In this case, the typical process is to load the new data from database, load the old data from QVD and combine into a new QVD (repeated for each table).
The implementation can be done in the following way (think about SCD)
i. Append only - tracked by number of records. The number of records previously read is tracked and only the records from the last recodr till EOF is appended
ii. Insert Only - I - (No Updt/Del) - The records inserted after the last execution of the script, are added. This requires an SCD2 like effective data field.
iii. Insert and Update - IU - (No Del) - Records inserted or updated after last script execution are taken care of. Needs an effective date and PK field.
iv. Insert Update and Delete - IUD - This is basically a full fledged sync with the database.
5. Binary Load:
Binary load is used to share the entire dtamodel between 2 QVWs. Basically, the datamodel of one QVW (Q1) is copied from RAM to disk in 0 and 1 form, for another QVW (Q2). Thus Q2 inherits entire data of Q1.
e.g. if you have a base QVW where the common metrices are designed and you want to enhance this to build more business specific dashboards, Binary load is a good option.
Also, if you want to do incremental load, the loading of high volume historical data can be done by binary mothod, to utilize its speed.
Point to be noted here is: Binary has tobe the first statement of the script.
e.g.
Binary order.qvw;
Binary c:\order.qvw;
6. Add load:
Simply put, this statement blindly appends data from one table to the data of another table, having similar signature, during partial reload. It does not check for any duplicate.

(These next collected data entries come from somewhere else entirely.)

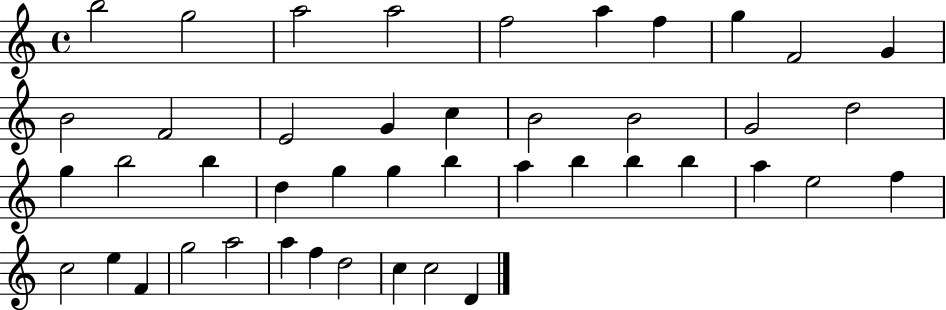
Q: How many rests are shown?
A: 0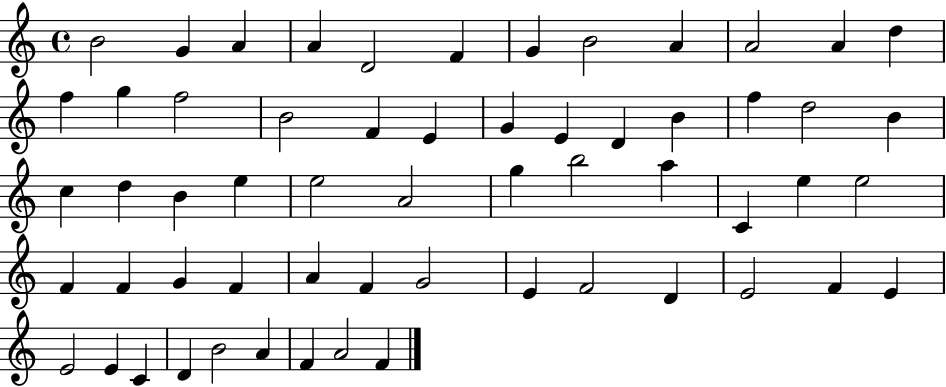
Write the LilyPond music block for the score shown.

{
  \clef treble
  \time 4/4
  \defaultTimeSignature
  \key c \major
  b'2 g'4 a'4 | a'4 d'2 f'4 | g'4 b'2 a'4 | a'2 a'4 d''4 | \break f''4 g''4 f''2 | b'2 f'4 e'4 | g'4 e'4 d'4 b'4 | f''4 d''2 b'4 | \break c''4 d''4 b'4 e''4 | e''2 a'2 | g''4 b''2 a''4 | c'4 e''4 e''2 | \break f'4 f'4 g'4 f'4 | a'4 f'4 g'2 | e'4 f'2 d'4 | e'2 f'4 e'4 | \break e'2 e'4 c'4 | d'4 b'2 a'4 | f'4 a'2 f'4 | \bar "|."
}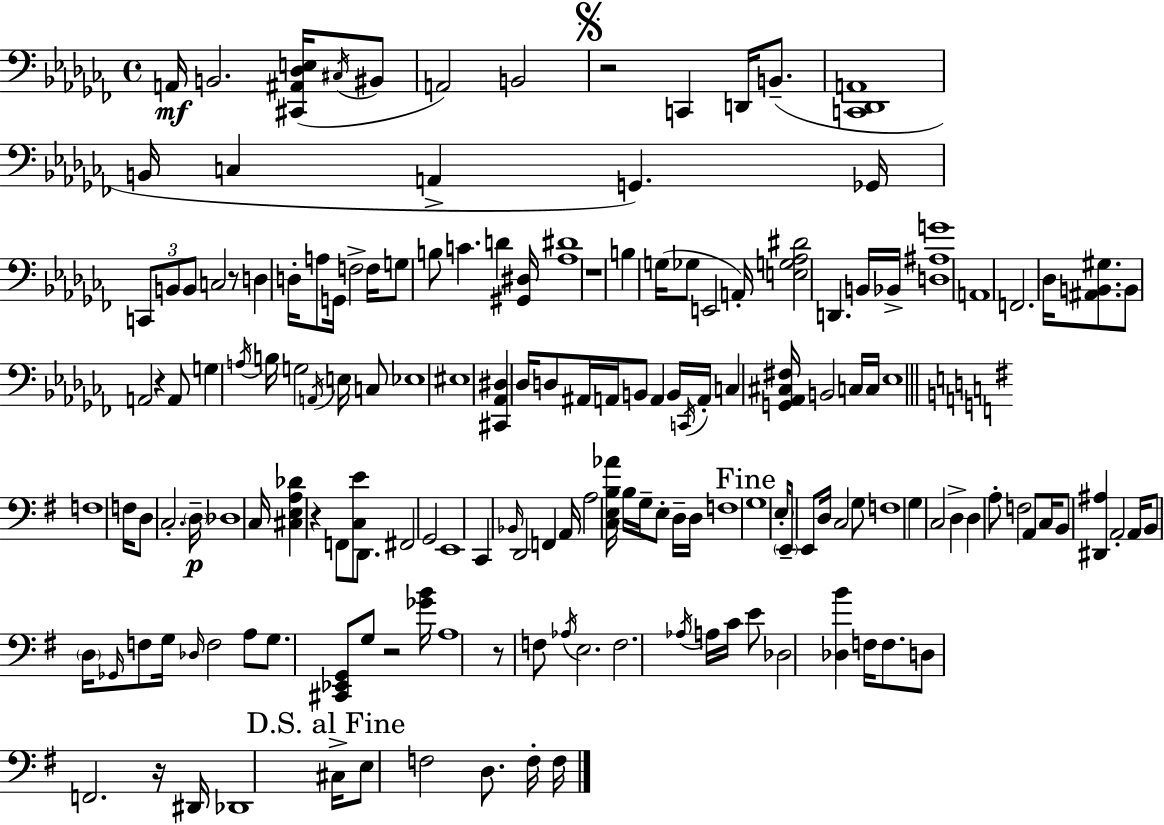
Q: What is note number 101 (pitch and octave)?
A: D3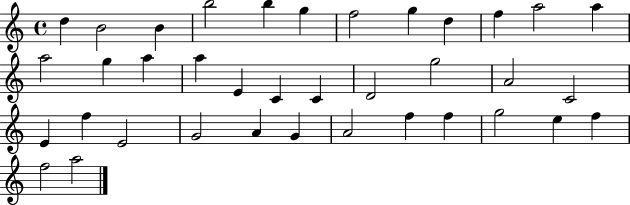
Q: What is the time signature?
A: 4/4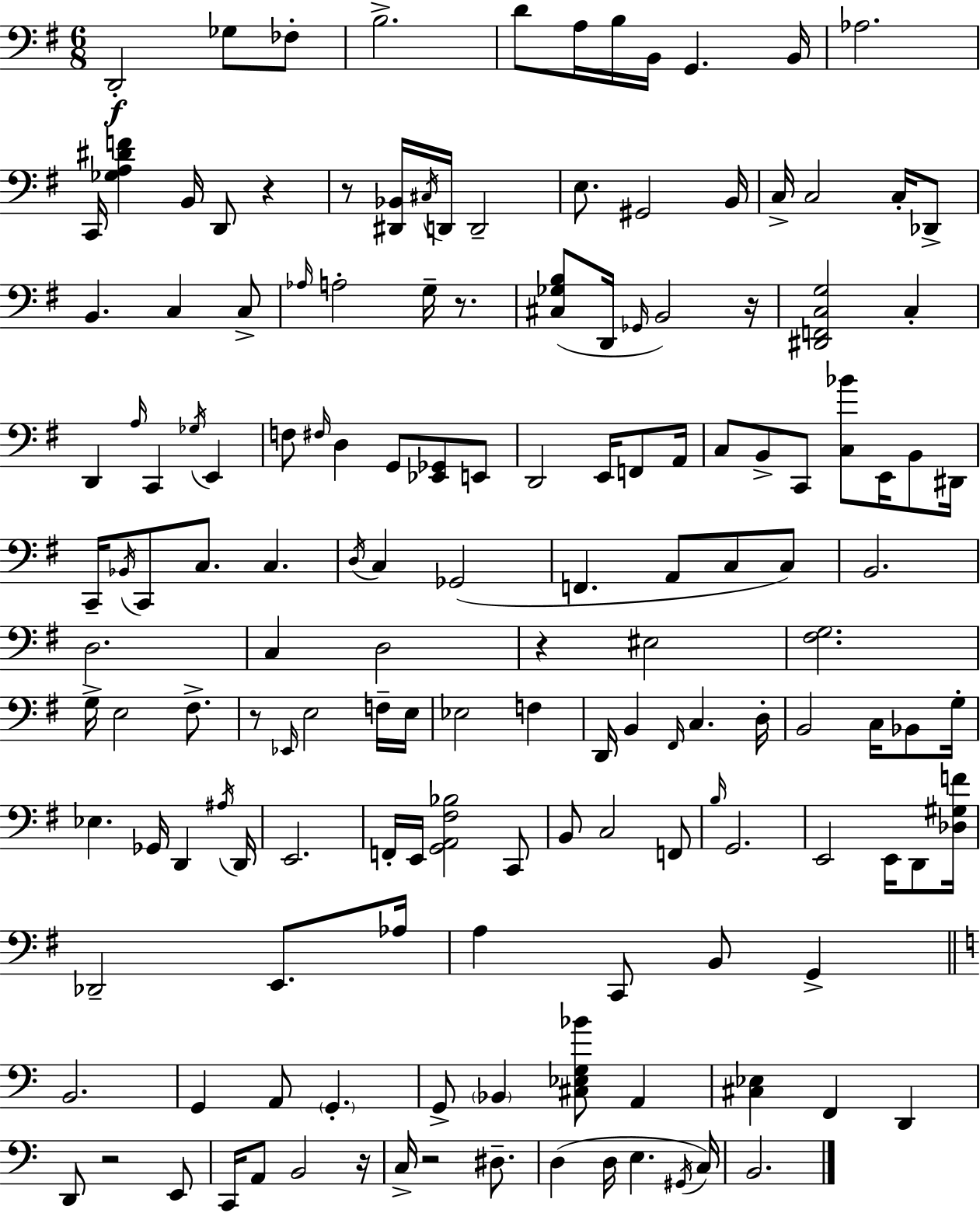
D2/h Gb3/e FES3/e B3/h. D4/e A3/s B3/s B2/s G2/q. B2/s Ab3/h. C2/s [Gb3,A3,D#4,F4]/q B2/s D2/e R/q R/e [D#2,Bb2]/s C#3/s D2/s D2/h E3/e. G#2/h B2/s C3/s C3/h C3/s Db2/e B2/q. C3/q C3/e Ab3/s A3/h G3/s R/e. [C#3,Gb3,B3]/e D2/s Gb2/s B2/h R/s [D#2,F2,C3,G3]/h C3/q D2/q A3/s C2/q Gb3/s E2/q F3/e F#3/s D3/q G2/e [Eb2,Gb2]/e E2/e D2/h E2/s F2/e A2/s C3/e B2/e C2/e [C3,Bb4]/e E2/s B2/e D#2/s C2/s Bb2/s C2/e C3/e. C3/q. D3/s C3/q Gb2/h F2/q. A2/e C3/e C3/e B2/h. D3/h. C3/q D3/h R/q EIS3/h [F#3,G3]/h. G3/s E3/h F#3/e. R/e Eb2/s E3/h F3/s E3/s Eb3/h F3/q D2/s B2/q F#2/s C3/q. D3/s B2/h C3/s Bb2/e G3/s Eb3/q. Gb2/s D2/q A#3/s D2/s E2/h. F2/s E2/s [G2,A2,F#3,Bb3]/h C2/e B2/e C3/h F2/e B3/s G2/h. E2/h E2/s D2/e [Db3,G#3,F4]/s Db2/h E2/e. Ab3/s A3/q C2/e B2/e G2/q B2/h. G2/q A2/e G2/q. G2/e Bb2/q [C#3,Eb3,G3,Bb4]/e A2/q [C#3,Eb3]/q F2/q D2/q D2/e R/h E2/e C2/s A2/e B2/h R/s C3/s R/h D#3/e. D3/q D3/s E3/q. G#2/s C3/s B2/h.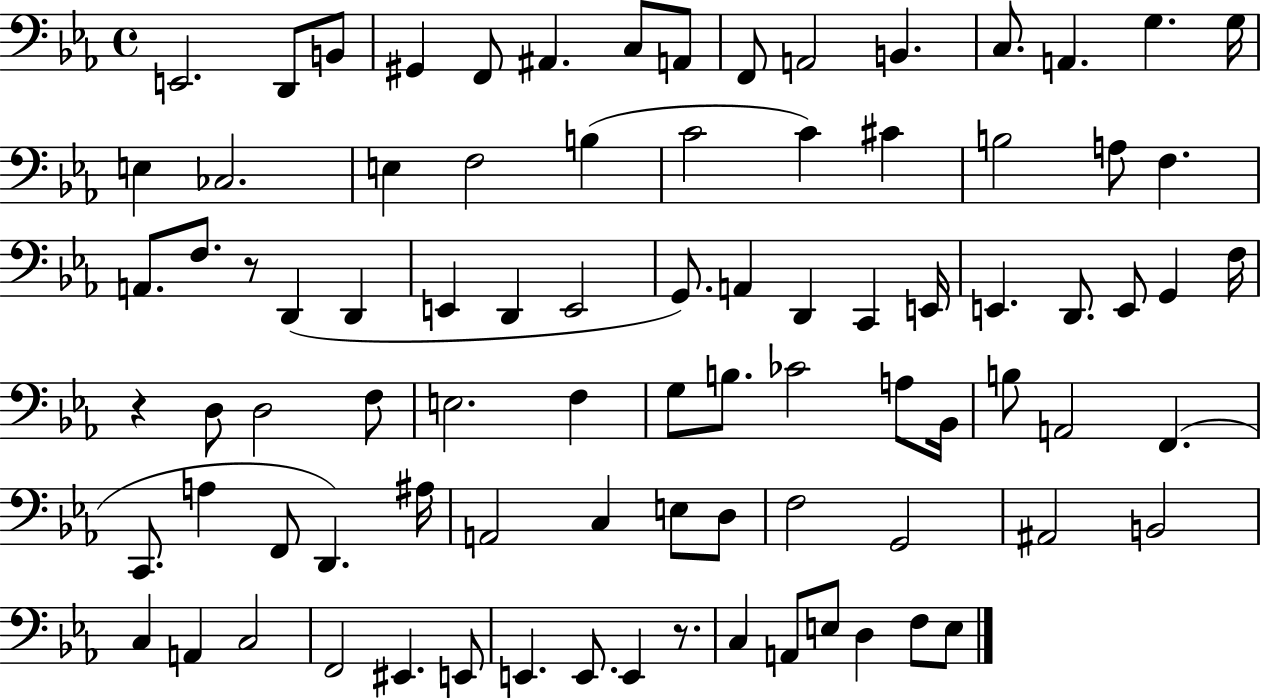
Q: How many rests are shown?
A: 3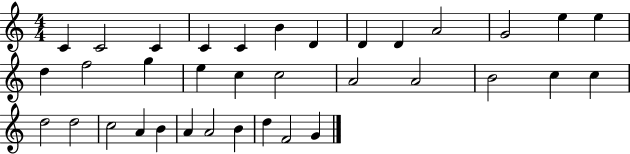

Hence, ADD LOAD or ADD SELECT is usually follwed by distinct or a proper where clause.
e.g.
LOAD OrderID, OrderAmt from Order_May.csv;
ADD LOAD OrderID, OrderAmt from Order_June.csv;
This will simply concate data from Order_June to Order_May. But OrderID might be duplicated. Hence, this statement can be properly shaped to remove duplicate data as:
LOAD OrderID, OrderAmt from Order_May.csv;
ADD LOAD OrderID, OrderAmt from Order_June.csv Where Not Exists(OrderID);
7. Buffer load:
With the BUFFER prefix, QVD files are created and maintained autmatically (QVDs cache or buffer the result of the statement). This is handy while doing incremenal load.
The QVD name is an internal one; 160 bit hex hash name comprising the entire the followingload/select statement. It is stored in the location as set in the User Preferences > Locations.
e.g.
Buffer without option:
buffer select * from Table1;
Internally a QVD file is created and the content of Table1 is internally stored in the QVD. This would be used indefinitely untill some other method is used.
buffer (incremental) load * from MyLog.log;
Same as incremental load. It is a typical solution for log files (text). Not for DB files.
buffer (stale after 7 days) select * from Table1;
It overwrites the current QVD and make a full load after 7(n) days. It can be used with DB tables. This is the timestamp till the QVD would be used as suorce. After this it would be a full reload and regeneration of the QVD (?).
N.B. This is my first post. Please correct me if required.